**Problem to work on**:
If a line in the data holds the string "photo", list it.

**Supplied material**:
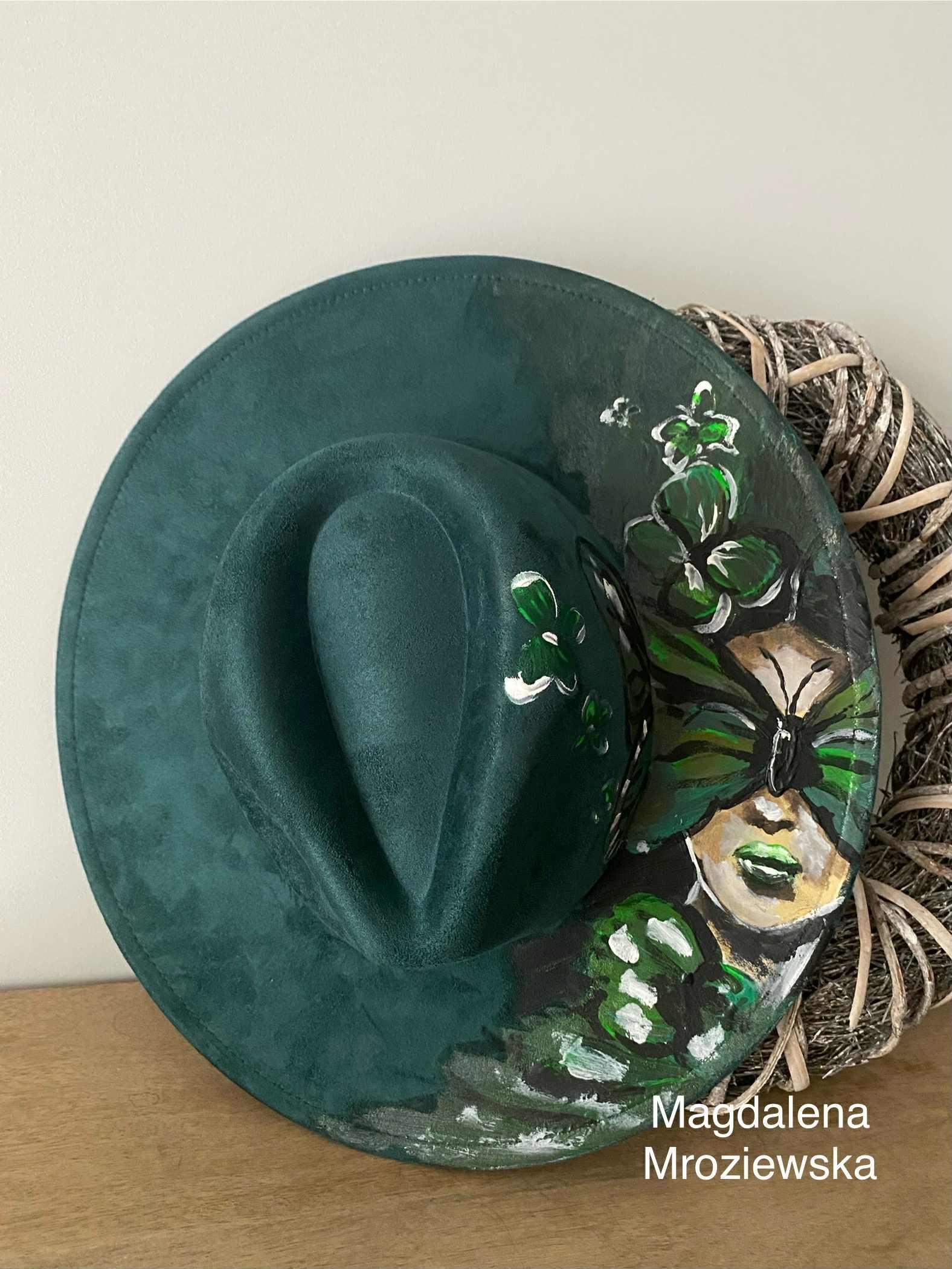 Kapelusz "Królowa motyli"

==

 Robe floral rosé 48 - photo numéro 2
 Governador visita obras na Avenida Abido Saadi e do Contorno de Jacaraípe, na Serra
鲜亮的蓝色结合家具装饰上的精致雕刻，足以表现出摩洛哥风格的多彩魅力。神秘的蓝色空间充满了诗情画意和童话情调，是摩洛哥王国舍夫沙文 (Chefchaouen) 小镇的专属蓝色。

* * *

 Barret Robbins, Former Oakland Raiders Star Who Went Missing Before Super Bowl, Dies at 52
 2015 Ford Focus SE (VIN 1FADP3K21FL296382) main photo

**Solution to this task**:
 Robe floral rosé 48 - photo numéro 2
 2015 Ford Focus SE (VIN 1FADP3K21FL296382) main photo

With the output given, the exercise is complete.